All companies are equally good and bad. I am slab agnostic and own a lot of value in both bgs and PSA - it confuses me how some people here can so vigorously defend PSA without question.
@smpratte even said it himself, “PSA change strictness” when they see fit. It may not be a grading scale change per se, but that is clear enough that they are proactively changing what cards should get, when it suits them.
A 10 is a 10 and that shouldn’t change.
Thank you for listening to my TedTalk
I have a “different” view on it. Graded few hundred vintage reverse lately and found out 1 submission serious different in grades as the other 4.
Looks to me PSA might some better equipment who reveal any defect perhaps easier?
Also the grader still makes the difference, I am pretty sure about that.

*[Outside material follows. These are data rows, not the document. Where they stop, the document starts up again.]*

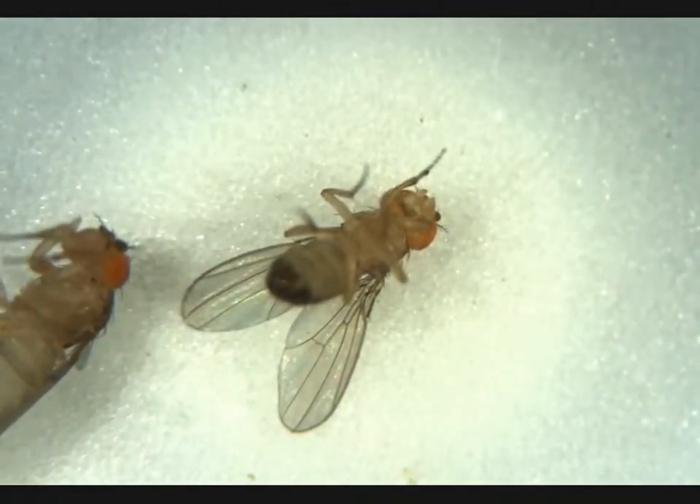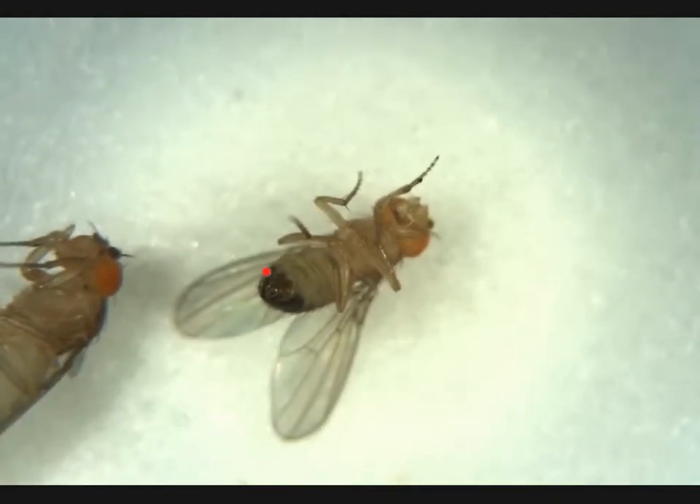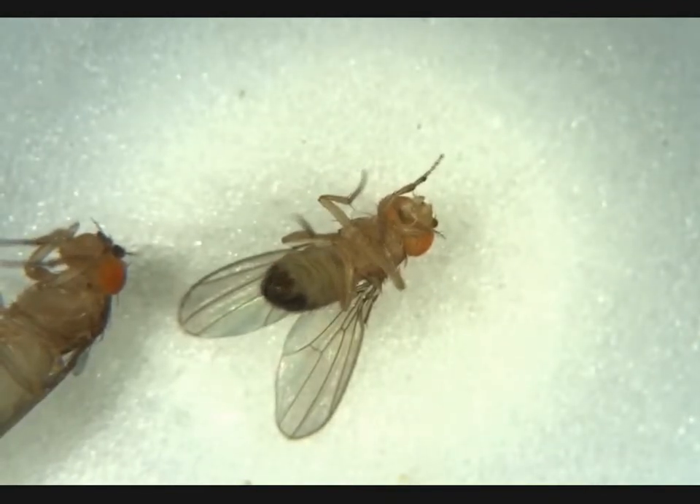This, once we adjust our focus, we'll see is a male. No obvious meconium, so it's an adult male, and here's its penis apparatus. Not what we're looking for.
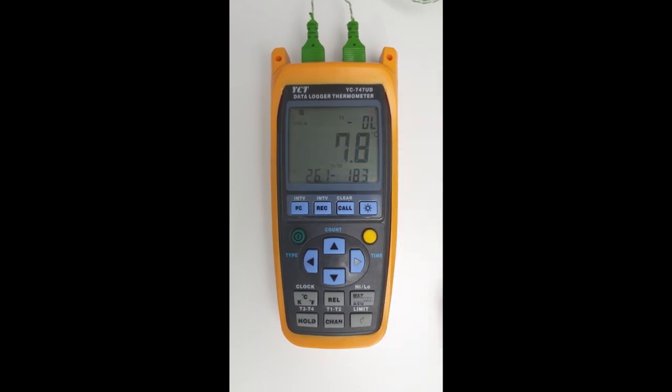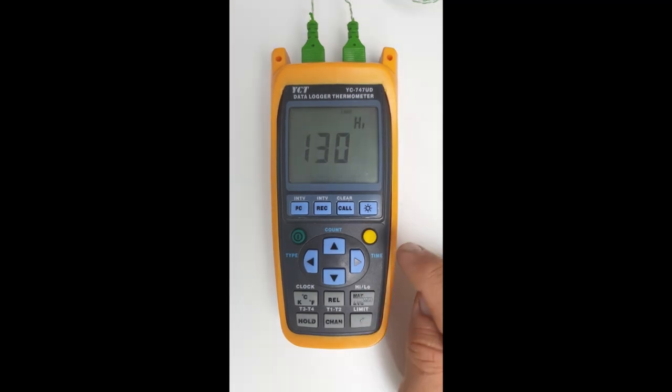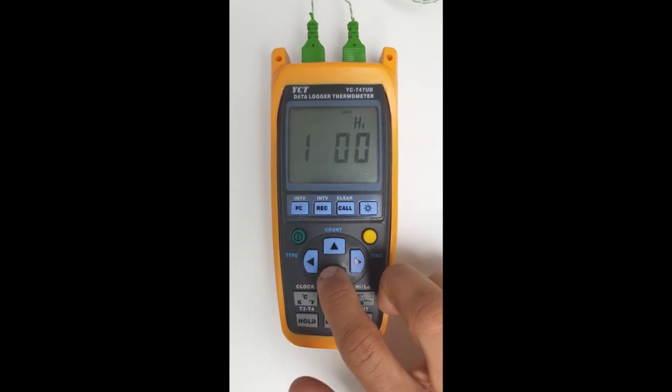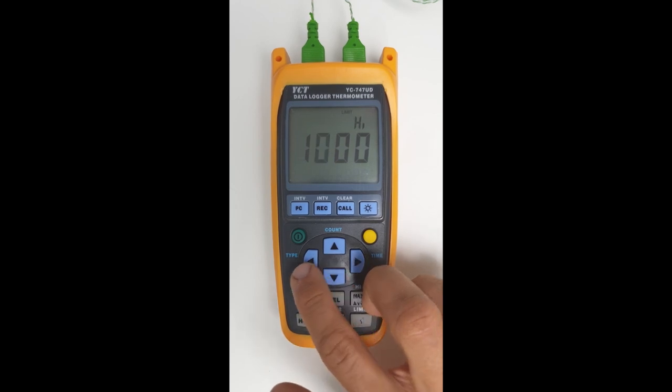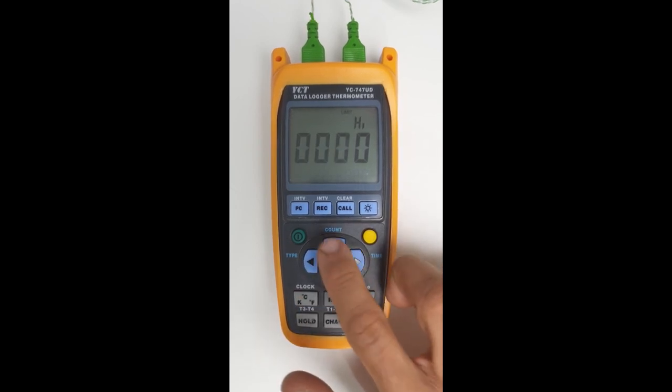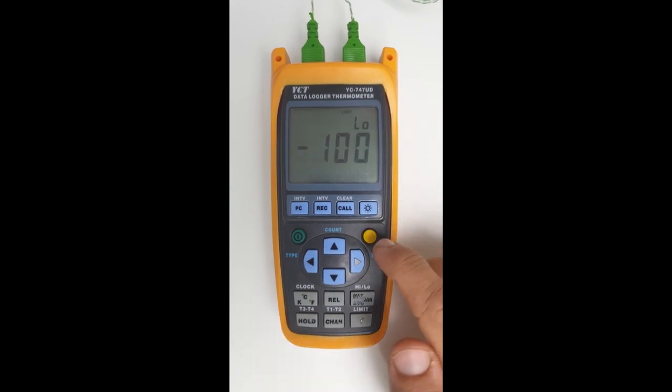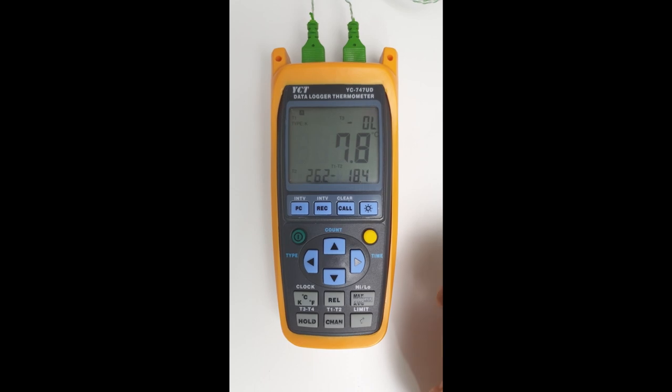The next feature we'll look at is alarming. We can set high and low limits. If we click on the shift button and then click on the button where it says high and low above it, we'll change the high limit to be 30 degrees Celsius. Click on the shift button and we'll leave the lower limit the same. Click on shift, and then to activate it we click on the shift button and then the button where it says limit above it. Now it's been activated.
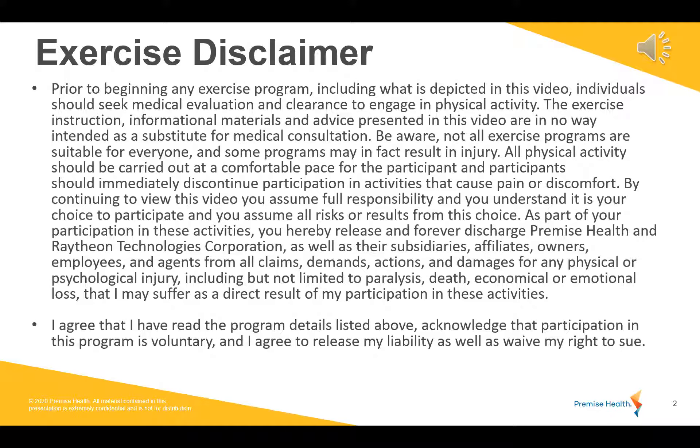Hello and welcome to Total Body Burn. Before we get started, just take a quick moment to review the exercise disclaimer. We'll get started very shortly.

I think you are misunderstanding Scott’s point. It’s not that PSA has changed their grading scales or arbitrarily imposed new conditional expectations . . . rather they put more time and scrutiny into higher value value cards due to their financial liability. The more time and attention a card receives, the more likely a grader is to notice its subtle flaws . . . especially when “over-grades” can cost the company money and cost a grader their job. The issue with PSA is not their consistency in grading scale (granted there is always a degree of subjectivity and variance in its application), but their consistency in time and scrutiny. In an ideal world, PSA should be inspecting every card as thoroughly as an Illustrator, but with the volume of cards PSA grades per day (most being low value), that’s not feasible, and there is no incentive to do so.
Flawed but Semi-Relevant Analogy
It’s like test driving a new car around the dealership vs. owning and driving the same vehicle for a year. You’re more likely to discover some nuanced issues (for example: window motor stutters/stops when it’s cold). That doesn’t mean your standards for “New” have changed; it just means you didn’t notice it without a more thorough inspection. I assume, most people in this situation would bring the car back to the dealership and have it repaired/replaced under warranty. This costs the dealership (or manufacturer time and money) which incentivizes better quality control. PSA is a large company, which has surely run careful cost-benefit analyses to determine how to balance low consumer prices, grading quality/consistency, and financial liability. Each of those levers can be adjusted, but not without some affect on the others.
I’ve said multiple times that they are my opinions.
You say this, but then also say stuff like this:
You can get a good essence of what is and isn’t fact even if you don’t submit a large amount of cards.
The reality is they change it all the time, they just don’t tell you.
Make it make sense
So you’re making assumptions off of looking at 100ish cards a week? Got it. Everyone should know this before continuing to engage.